Posted Apr 29th 2014 09:10 AM


Getty Images/Time & Life Pictures


As you celebrate Hairstyle Appreciation Day today (you are observing it, right?) keep this fact in mind: at the end of every hair cut in salons, beauty parlors and barbershops around the world, potentially great works of art are swept away in the trash.


That's the way Leila Cahoon sees it anyway. A semi-retired cosmetologist in Independence, Missouri, Cahoon is also the owner and namesake of Leila's Hair Museum. Her collection of more than 2,000 objects woven from human hair is considered the largest collection of its kind in the world. (She also has some things made of horse hair, but that's a whole 'nother conversation.)


Hair art became popular and fashionable during the Victorian period when Queen Victoria, mourning the death of Prince Albert, wore a bracelet made of his hair. Following their queen's lead, women began making earrings, watch fobs and brooches from their own hair or from that of their loved ones. Hair collection jars, also on display at the museum, were common on proper ladies' dressing tables.
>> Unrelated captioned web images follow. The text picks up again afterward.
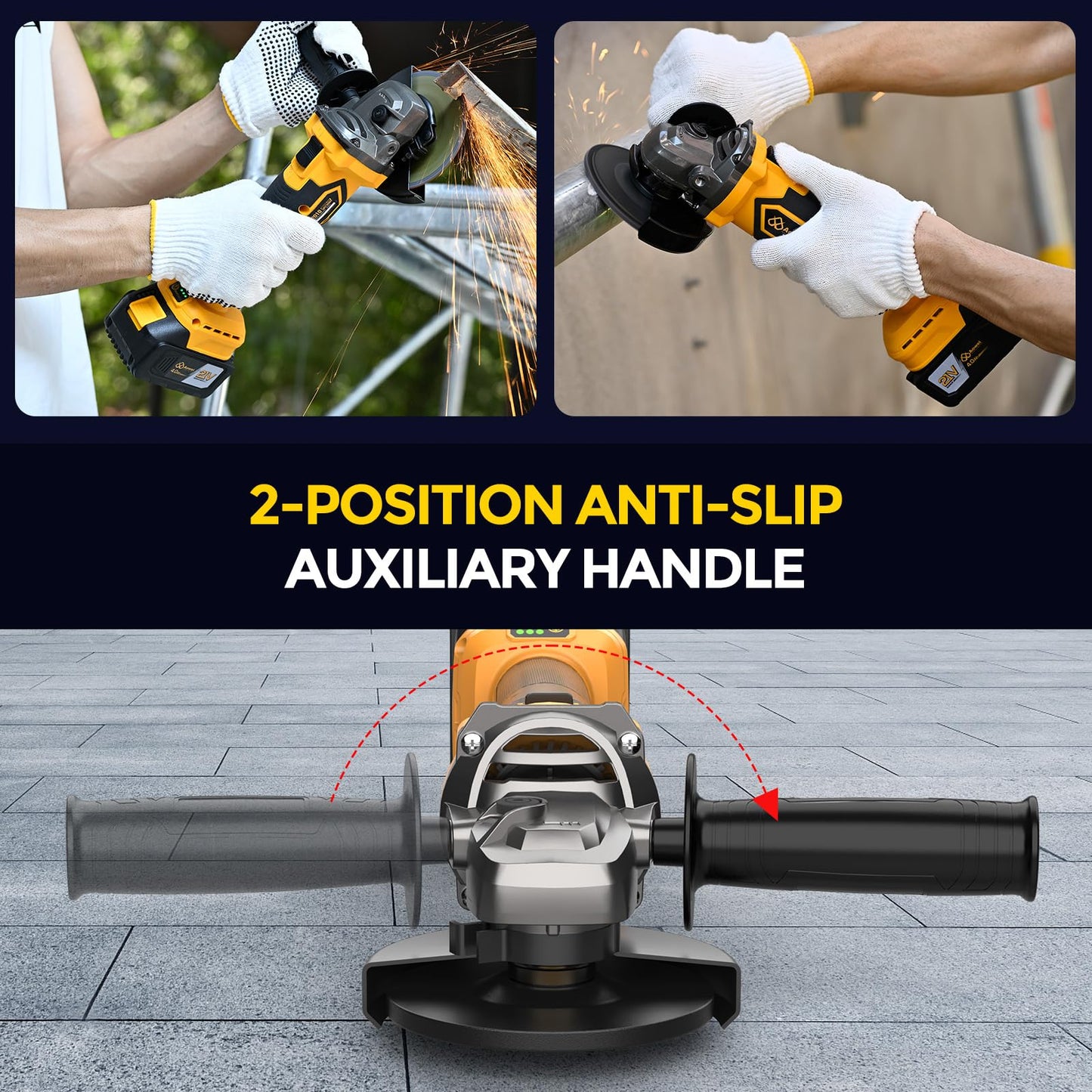 Aowei Brushless Cordless Angle Grinder, 21V Angle Grinder Toolbox Kit, with 2x4.0Ah lithium batteries and charger, yellow 4-1/2 inch grinder, suitable for cutting, grinding, polishing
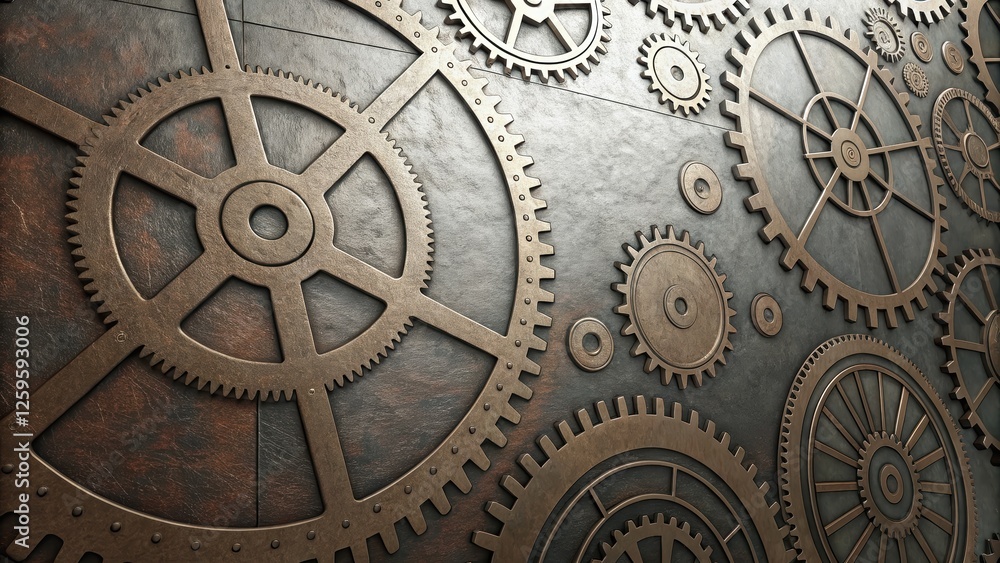 Poster futuristic and technology background concept, gears and cogs on a textured surface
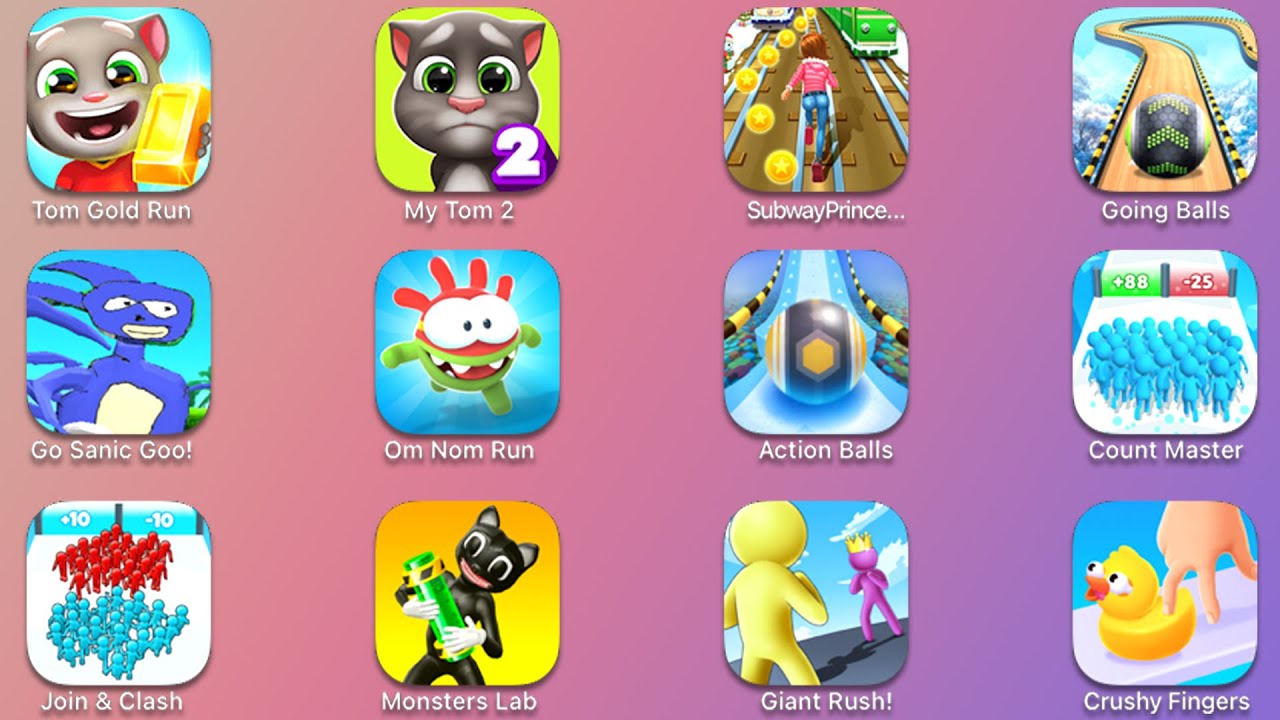 Tom Gold Run, My Tom 2, Go Sanic Goo, Om Nom Run, Action Balls, Count Masters, Join Clash 3D...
A number of the exhibits at Leila's Hair Museum are mourning wreaths made from hair of the deceased, including children.


Yep, it is indeed kind of creepy and kind of sad if you love a bald person.


But other weavings are celebratory -- wreaths made from the hair of everyone who attended the wedding celebration of one couple.


Leila's museum has a section of famous hair, from Marilyn Monroe to Abraham Lincoln to John Lennon and Michael Jackson. Leila also says she has hair from Mary, Mother of Jesus, but many visitors find the provenance of that exhibit just a bit sketchy.


Leila is in the process of writing a book and teaches classes about the nearly lost art of hair weaving. Her little museum is also the U.S. headquarters for the Victorian Hairwork Society. The Society's annual gathering is celebrated with a formal Hair Ball.


So before your stylist sweeps your freshly sheared locks into the trash bin, sweep them up in a baggy and go home and create a great piece of art for the one you love. They may, or may not, thank you for it.